Brant Rock Mass-A marathon, two-hour Marshfield Zoning Board hearing grew tense this week as the team behind a major mixed-use development in Brant Rock tried to sell a downsized version of their plans to skeptical officials and neighbors.
The Drosopoulos brothers—local restaurateurs looking to overhaul a stretch of Ocean Street—returned to the board with fewer housing units and parking spots. But for some board members, the concessions didn’t go far enough.
Zoning board member Stephen Lynch drew a hard line in the sand, vowing to block the crucial variances the project needs to survive.
“If they can’t do it within the rules of the Brant Rock overlay district zoning, then don’t do the project,” Lynch said.
Project attorney Jonathan Silverstein countered that the town needs to be realistic about the site’s unique physical limitations if it wants a “transformative” development. “We’re trying to create a really special project,” Silverstein said, promising something “iconic and beautiful.”
Inside the New Proposal
The revamped plans for 239-287 Ocean St. show a development team trying to find a middle ground, scaling back several key components of the initial design:
- Housing Trimmed: The number of proposed two-story residential units dropped from 45 down to 36—a number that finally aligns with standard district rules for a lot this size.
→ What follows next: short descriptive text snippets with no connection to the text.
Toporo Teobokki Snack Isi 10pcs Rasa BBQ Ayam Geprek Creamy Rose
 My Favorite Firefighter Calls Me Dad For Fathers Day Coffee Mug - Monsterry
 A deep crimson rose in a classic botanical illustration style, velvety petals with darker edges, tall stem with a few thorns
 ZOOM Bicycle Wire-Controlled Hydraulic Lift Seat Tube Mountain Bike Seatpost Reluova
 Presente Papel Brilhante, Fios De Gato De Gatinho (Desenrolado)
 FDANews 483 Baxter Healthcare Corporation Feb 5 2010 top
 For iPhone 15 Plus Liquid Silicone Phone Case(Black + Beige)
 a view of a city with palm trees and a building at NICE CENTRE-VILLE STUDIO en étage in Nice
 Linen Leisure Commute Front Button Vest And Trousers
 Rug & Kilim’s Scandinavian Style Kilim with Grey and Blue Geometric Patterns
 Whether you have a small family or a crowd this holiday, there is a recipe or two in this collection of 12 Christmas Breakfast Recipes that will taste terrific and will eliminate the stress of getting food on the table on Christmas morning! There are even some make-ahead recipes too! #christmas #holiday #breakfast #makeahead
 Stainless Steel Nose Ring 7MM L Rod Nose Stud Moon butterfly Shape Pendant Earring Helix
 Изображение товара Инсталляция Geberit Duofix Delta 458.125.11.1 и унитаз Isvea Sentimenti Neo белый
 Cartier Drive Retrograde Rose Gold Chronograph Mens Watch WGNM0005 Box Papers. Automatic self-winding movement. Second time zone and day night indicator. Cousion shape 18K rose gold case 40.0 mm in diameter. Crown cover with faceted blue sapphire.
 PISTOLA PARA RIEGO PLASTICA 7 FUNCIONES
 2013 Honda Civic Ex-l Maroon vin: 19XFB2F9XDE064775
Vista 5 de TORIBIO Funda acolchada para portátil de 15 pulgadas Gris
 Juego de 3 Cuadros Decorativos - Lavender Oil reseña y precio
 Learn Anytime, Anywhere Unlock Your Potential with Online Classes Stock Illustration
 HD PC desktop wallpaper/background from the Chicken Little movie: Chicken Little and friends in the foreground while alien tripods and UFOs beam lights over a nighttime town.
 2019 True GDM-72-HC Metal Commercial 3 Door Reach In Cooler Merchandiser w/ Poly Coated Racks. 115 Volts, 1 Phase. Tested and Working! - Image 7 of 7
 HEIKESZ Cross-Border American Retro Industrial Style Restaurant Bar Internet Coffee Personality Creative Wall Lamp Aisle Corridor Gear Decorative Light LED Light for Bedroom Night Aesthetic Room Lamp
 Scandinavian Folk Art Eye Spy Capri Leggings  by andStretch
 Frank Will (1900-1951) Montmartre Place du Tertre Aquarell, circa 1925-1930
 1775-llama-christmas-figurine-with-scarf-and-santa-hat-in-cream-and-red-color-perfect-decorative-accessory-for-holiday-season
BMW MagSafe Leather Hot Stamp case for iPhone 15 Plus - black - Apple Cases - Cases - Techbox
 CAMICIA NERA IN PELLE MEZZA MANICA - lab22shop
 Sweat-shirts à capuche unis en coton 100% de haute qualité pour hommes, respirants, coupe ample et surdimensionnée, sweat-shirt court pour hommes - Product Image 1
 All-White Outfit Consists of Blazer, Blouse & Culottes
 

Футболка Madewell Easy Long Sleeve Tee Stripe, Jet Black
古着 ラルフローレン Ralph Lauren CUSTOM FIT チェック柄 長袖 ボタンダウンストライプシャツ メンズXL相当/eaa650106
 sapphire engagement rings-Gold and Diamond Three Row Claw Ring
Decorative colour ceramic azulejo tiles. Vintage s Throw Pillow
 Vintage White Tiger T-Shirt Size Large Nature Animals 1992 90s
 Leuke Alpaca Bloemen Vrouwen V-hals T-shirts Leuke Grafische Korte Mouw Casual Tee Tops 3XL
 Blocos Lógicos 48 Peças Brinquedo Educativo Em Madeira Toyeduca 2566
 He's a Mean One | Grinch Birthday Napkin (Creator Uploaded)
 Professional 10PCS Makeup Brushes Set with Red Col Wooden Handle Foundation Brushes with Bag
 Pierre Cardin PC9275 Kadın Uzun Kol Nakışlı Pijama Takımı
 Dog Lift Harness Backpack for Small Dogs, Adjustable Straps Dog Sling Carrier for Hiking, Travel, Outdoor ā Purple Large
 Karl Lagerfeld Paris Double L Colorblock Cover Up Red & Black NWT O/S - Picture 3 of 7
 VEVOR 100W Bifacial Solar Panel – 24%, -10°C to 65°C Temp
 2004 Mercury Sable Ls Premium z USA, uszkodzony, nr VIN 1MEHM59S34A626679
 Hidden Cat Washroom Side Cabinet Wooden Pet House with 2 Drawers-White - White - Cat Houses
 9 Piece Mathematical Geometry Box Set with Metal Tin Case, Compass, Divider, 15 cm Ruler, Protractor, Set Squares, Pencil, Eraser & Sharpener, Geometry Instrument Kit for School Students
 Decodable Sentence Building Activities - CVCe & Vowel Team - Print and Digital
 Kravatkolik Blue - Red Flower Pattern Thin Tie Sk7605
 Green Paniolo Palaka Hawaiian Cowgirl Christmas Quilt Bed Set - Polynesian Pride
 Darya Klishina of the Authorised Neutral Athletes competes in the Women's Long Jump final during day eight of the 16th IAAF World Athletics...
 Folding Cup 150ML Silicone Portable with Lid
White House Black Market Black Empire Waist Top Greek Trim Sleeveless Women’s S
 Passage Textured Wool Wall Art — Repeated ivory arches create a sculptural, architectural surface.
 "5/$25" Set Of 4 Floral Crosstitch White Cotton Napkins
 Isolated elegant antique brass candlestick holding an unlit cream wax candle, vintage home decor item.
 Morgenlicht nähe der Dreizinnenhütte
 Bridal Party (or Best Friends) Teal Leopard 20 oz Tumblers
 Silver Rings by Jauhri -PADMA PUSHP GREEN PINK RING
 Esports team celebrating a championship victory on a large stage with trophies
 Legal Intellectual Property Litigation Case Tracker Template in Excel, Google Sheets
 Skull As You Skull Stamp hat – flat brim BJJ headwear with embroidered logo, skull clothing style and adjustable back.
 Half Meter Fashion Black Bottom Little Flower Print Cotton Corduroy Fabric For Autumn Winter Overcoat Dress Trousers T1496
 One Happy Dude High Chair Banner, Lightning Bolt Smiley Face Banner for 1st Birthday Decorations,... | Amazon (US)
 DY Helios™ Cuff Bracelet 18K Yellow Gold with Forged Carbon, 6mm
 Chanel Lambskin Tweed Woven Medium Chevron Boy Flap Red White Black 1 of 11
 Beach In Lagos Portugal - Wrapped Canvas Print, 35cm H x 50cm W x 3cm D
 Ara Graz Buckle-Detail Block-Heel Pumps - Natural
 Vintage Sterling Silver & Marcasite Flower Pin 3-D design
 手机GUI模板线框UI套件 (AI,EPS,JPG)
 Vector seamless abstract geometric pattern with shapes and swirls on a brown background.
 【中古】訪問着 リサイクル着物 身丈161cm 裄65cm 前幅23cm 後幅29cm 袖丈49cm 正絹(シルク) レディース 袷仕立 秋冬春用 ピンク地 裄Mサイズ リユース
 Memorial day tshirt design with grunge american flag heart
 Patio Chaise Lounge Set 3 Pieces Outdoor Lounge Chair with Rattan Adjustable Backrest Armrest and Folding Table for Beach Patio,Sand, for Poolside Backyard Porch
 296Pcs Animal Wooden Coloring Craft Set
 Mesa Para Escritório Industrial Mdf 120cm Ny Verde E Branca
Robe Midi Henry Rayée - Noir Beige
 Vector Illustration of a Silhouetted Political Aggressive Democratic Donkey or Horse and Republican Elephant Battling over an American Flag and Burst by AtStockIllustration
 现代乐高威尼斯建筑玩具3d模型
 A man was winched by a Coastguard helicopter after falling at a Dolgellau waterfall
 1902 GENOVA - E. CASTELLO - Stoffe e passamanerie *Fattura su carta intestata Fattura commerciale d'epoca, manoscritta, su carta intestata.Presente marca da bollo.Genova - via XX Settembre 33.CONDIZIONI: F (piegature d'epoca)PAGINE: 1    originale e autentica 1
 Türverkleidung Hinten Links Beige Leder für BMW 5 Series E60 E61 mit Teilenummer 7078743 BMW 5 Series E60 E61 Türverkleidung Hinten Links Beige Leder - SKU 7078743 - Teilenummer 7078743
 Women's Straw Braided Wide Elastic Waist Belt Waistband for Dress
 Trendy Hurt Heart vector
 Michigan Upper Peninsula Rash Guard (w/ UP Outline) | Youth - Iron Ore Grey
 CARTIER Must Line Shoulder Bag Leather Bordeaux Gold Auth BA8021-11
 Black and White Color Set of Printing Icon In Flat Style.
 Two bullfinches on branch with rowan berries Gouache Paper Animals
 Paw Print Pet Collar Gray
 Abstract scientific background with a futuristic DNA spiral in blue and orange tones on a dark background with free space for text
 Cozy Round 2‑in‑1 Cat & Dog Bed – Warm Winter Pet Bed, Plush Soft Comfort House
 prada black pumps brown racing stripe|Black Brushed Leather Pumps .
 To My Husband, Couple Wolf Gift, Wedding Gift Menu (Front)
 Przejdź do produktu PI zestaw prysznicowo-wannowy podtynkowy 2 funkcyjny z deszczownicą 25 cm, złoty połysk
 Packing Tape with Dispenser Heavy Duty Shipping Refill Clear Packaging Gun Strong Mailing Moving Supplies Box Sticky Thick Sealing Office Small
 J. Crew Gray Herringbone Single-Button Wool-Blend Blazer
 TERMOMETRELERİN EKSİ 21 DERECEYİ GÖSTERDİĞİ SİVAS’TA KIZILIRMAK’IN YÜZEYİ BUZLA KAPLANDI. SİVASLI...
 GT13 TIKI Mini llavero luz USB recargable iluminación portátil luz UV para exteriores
- A New Home for Local Favorites: The footprint includes brand-new spaces for the Drosopoulos family’s staple eateries, the Venus II and the Brant Rock Hop, alongside three additional retail spots.
- Less Parking, New Perks: Ground-level parking beneath the building was cut from 207 spaces to 185. To sweeten the deal, developers added a public-access deck requested by the board.
The real battlefield isn’t the number of condos—it’s where the cars will go. Local zoning laws dictate that residential parking in this zone must be elevated at least six feet off the ground to stay above the base flood line.
The developers tried to get town meeting voters to change that rule back in April. They failed. Now, their only liferaft is a zoning variance.
According to Silverstein, forcing the project to build elevated parking adds millions of dollars to the budget, tanking its economic viability. He pointed to state laws allowing variances for “substantial hardship, financial or otherwise,” arguing that the town’s vision for the district can’t happen without some flexibility. “Respectfully, the finances actually are important,” he noted.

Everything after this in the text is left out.